## RAW DATA
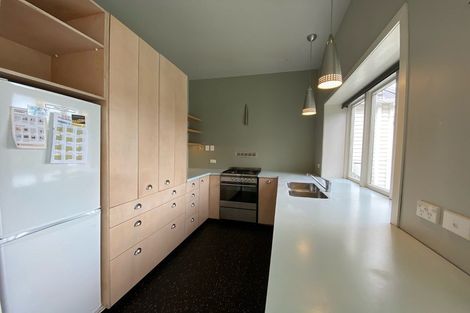 Photo of property in 102 Kelburn Parade, Kelburn, Wellington, 6012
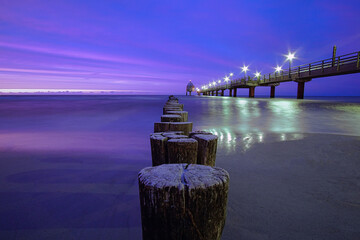 Seebrücke in Zingst zur Blauen Stunde mit einer Langzeitbelichtung.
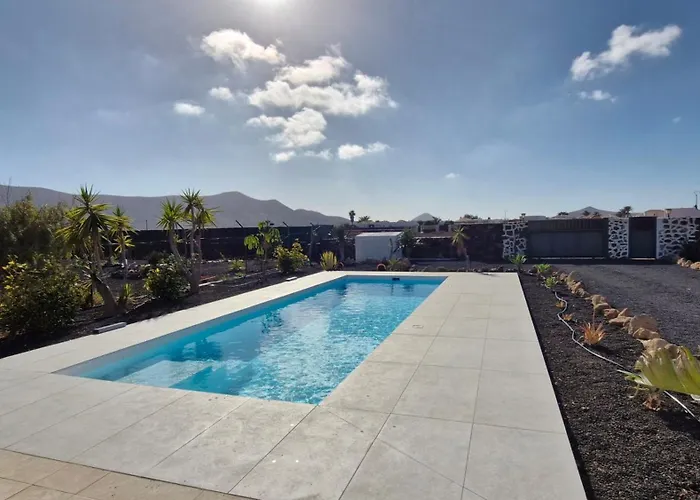 Estrella De Blanca *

## WHAT THE TASK ASKS
Copy out the full material exactly. Pictures should not appear in it.

## RESULT OF THE TASK
 Photo of property in 102 Kelburn Parade, Kelburn, Wellington, 6012
 Seebrücke in Zingst zur Blauen Stunde mit einer Langzeitbelichtung.
 Estrella De Blanca *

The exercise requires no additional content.